Deployment – This topic is a higher-level one: it requires a provisioned and configured infrastructure to finally deploy a released version of an application into production. DevOps and Agile practitioners usually speak about Continuous Delivery and Continuous Deployment, as the last steps after Continuous Integration (CI). Some available tools are specific for deploying containers-based applications (Rancher, Containership), others are more generic (e.g. Apache Brooklyn, Spinnaker, Alien4Cloud, Cloudify) and can deploy both traditional and container-based applications. Some tools are based on the TOSCA open standard and provide a GUI to graphically define applications’ topology (Cloudify, Alien4Cloud), others rely on a Domain Specific Language (DSL) using JSON (Spinnaker) or YAML+Java (Brooklyn). All the available Deployment tools support multiple cloud providers, either directly (Spinnaker) or through specific plugins (Alien4Cloud, Cloudify); Brooklyn uses the Apache jclouds multi-cloud toolkit. Most tools also support deployment on existing (HW or VM) nodes, a feature usually indicated as Bring Your Own Node (BYON). Some deployment tools (Brooklyn, Cloudify) also support post-deployment orchestration, by setting up monitoring to detect potential issues and remediate them.

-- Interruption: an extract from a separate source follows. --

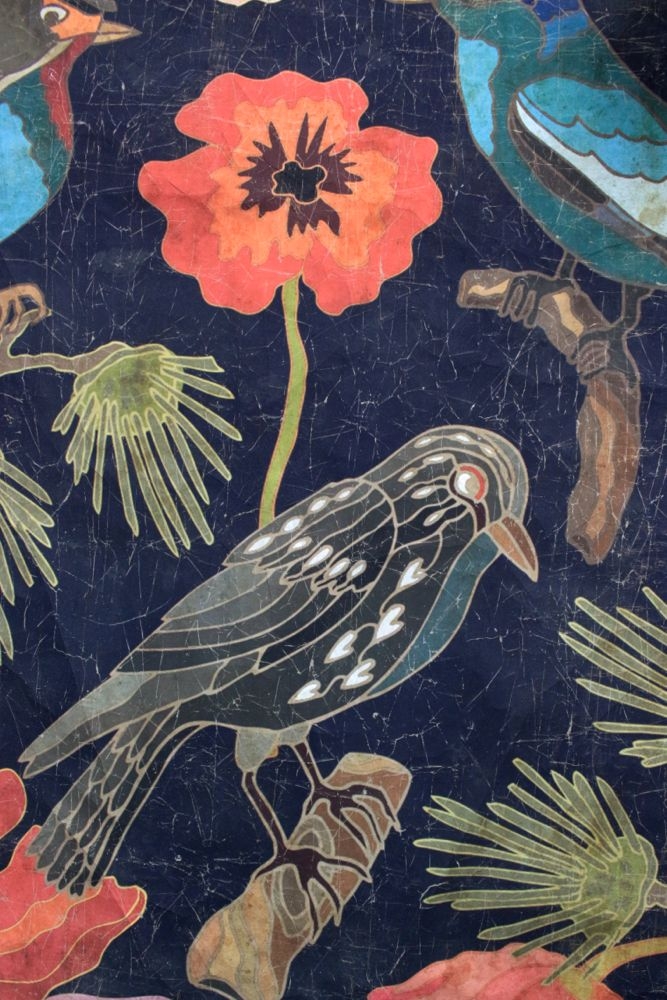 poster mit blumen und vögeln Tapetenbild Blumen und Vögel, 120x120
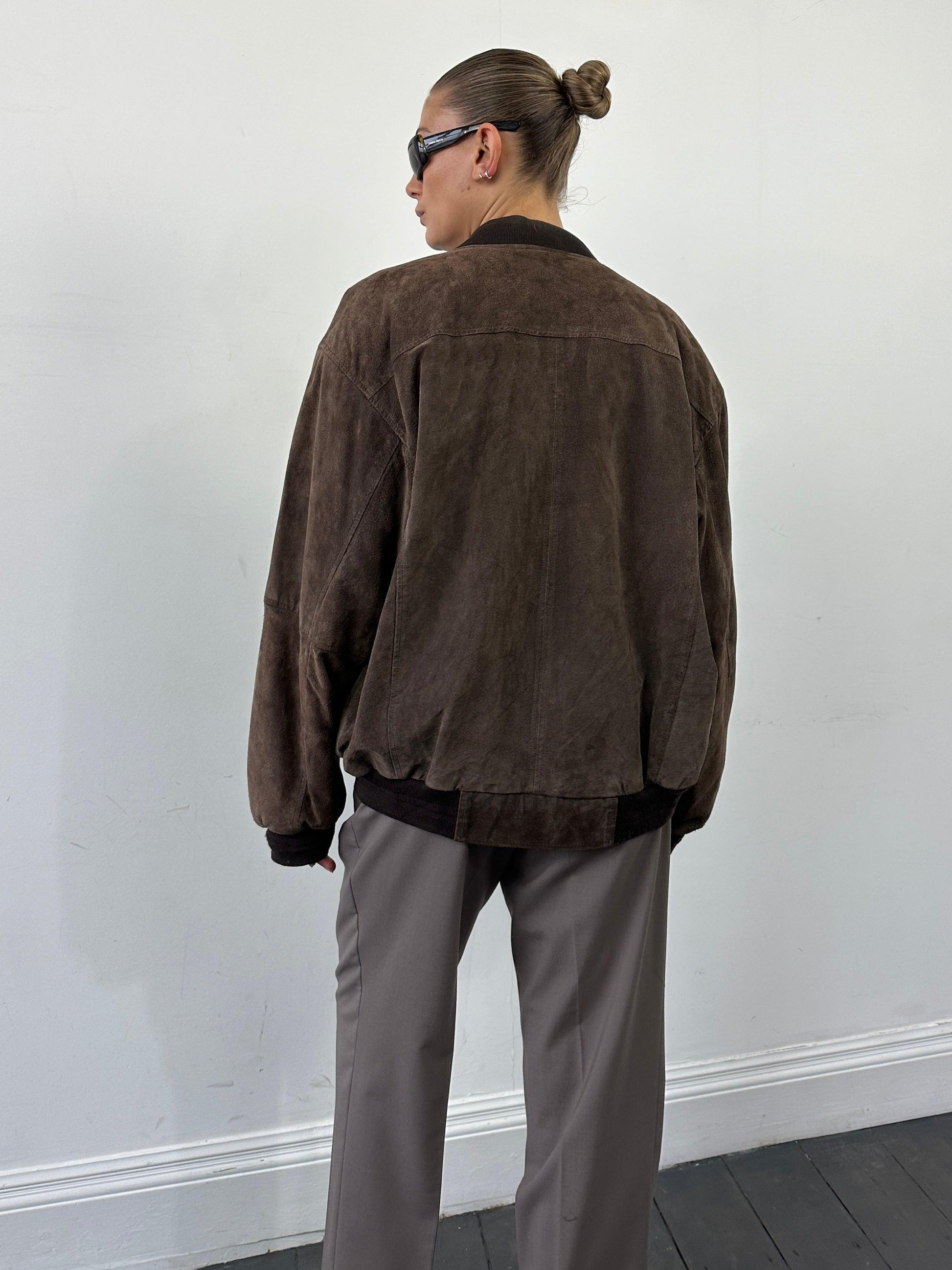 Vintage Suede Leather Bomber Jacket - XL - Known Source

Orchestration – At the top level of the application deployment and runtime lifecycle management reside cloud application orchestrators, that have a role to run full workflows of low-level operations like provisioning of resources, configuring and installing components, connecting components to apply dependences, or tear down individual components. Orchestrators can work with any of the resource types – compute, networking, storage, services and more. Note that some of the Orchestration tools also have other capabilities, such as Provisioning or Deployment, which is why they been already mentioned in the related section above. Some of the orchestrators are platform- or technology-dependent (e.g., OpenStack Heat, Kubernetes), while others are in principle platform agnostic (e.g., Apache Brooklyn, Alien4Cloud, Cloudify, ARIA TOSCA, OpenTOSCA). The most used and advanced orchestration platform today is Kubernetes, an open-source platform for running and managing containerized applications. Its orchestration applies to computing, networking, and storage infrastructure. Kubernetes is available as an open source, or as part of the Red Hat OpenShift platform, or as one of the many Kubernetes-as-a-service offerings from many cloud providers (Amazon Eks, Google GKE, Azure AKS, and others). Kubernetes deploys containers in groups called Pods on a cluster usually composed by one master and one or more worker nodes. Kubernetes can be configured through its "declarative" API (it allows to specify the target state of all the involved objects) or through YAML configuration files executed by a command line tool (kubectl).